The word "White" turns up on some lines of this data; say how many, and give no other text.

Dataset items
________________________
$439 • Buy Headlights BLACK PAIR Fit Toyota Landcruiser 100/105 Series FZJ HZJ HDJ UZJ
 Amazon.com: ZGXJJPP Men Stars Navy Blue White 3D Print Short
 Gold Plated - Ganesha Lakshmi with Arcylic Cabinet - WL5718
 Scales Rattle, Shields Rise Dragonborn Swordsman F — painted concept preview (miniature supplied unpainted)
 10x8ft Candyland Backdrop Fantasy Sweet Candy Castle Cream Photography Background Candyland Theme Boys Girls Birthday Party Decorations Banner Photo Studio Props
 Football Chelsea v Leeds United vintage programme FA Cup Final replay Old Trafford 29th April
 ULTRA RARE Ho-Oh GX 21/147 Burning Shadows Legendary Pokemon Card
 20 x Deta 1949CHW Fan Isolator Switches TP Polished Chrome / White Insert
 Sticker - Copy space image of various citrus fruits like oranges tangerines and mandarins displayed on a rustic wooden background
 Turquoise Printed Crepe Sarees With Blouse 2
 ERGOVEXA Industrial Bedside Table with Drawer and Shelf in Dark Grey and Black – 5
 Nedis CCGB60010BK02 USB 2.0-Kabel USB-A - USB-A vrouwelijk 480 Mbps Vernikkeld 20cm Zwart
________________________
§ **REPLY TO THE TASK**
2